* **PROBLEM DETAILS**
Copy exactly, beginning with the line holding "ロング パーマ フレンチボブパーマ Yuukiのヘアスタイル" and ending with the final line of the data beneath this task; copy nothing else, and leave out every picture.

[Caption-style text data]
# # # # # # #

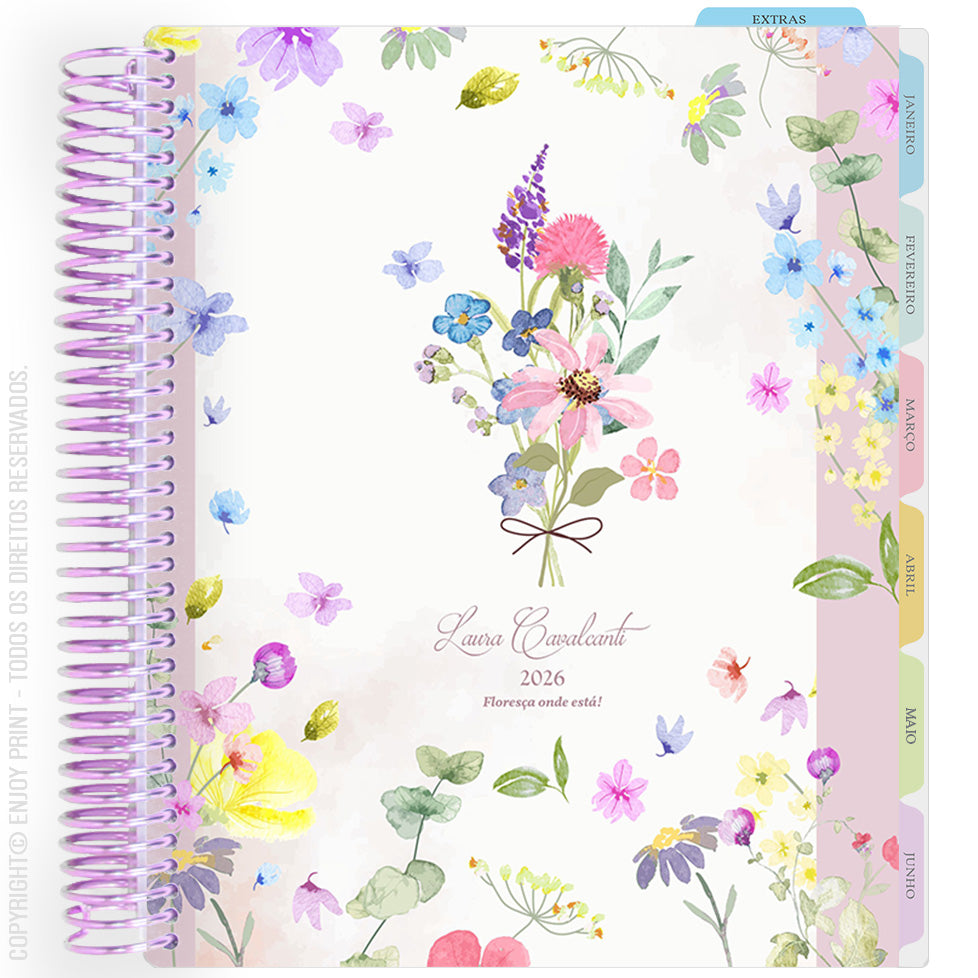 Enjoy Planner 2026: Petal Bloom  Colors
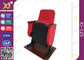Plastic Small Back Auditorium Chairs , Folded Auditorium Church Chairs With Writing Pad supplier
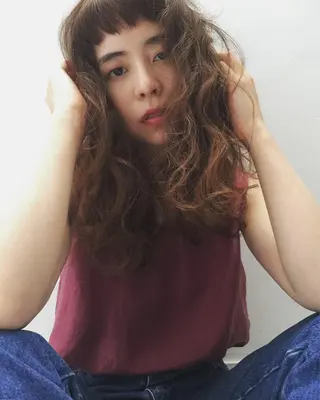 ロング パーマ フレンチボブパーマ Yuukiのヘアスタイル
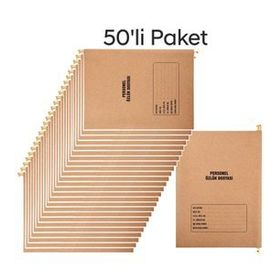 Tunakart 8 Yapraklı 50'li Paket Metal Askılı Personel Özlük Dosyası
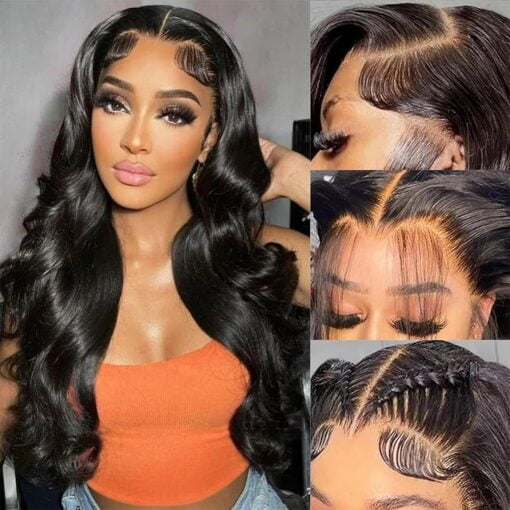 28 Inch 13X4 Hd Lace Front Wigs Human Hair Body Wave Lace MI1605674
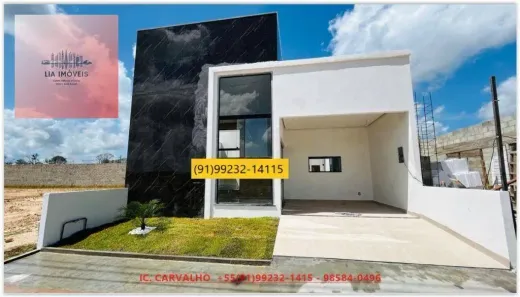 Casa de Condomínio com 3 Quartos à venda, 130m² no Campina de Icoaraci (Icoaraci), Belém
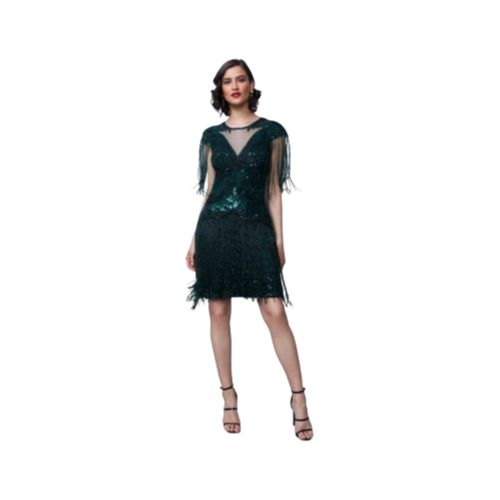 Gatsby-Inspired A-Line Cocktail Dress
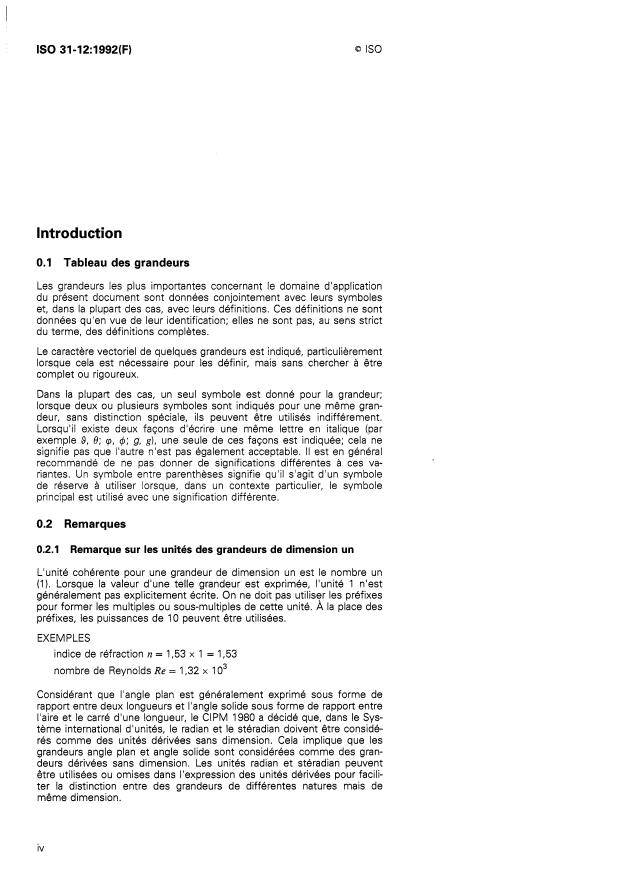 ISO 31-12:1992 ISO 31-12:1992 - Grandeurs et unités - Page 4 preview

# # # # # # #

* **RESULT OF THE TASK**
 ロング パーマ フレンチボブパーマ Yuukiのヘアスタイル
 Tunakart 8 Yapraklı 50'li Paket Metal Askılı Personel Özlük Dosyası
 28 Inch 13X4 Hd Lace Front Wigs Human Hair Body Wave Lace MI1605674
 Casa de Condomínio com 3 Quartos à venda, 130m² no Campina de Icoaraci (Icoaraci), Belém
 Gatsby-Inspired A-Line Cocktail Dress
 ISO 31-12:1992 ISO 31-12:1992 - Grandeurs et unités - Page 4 preview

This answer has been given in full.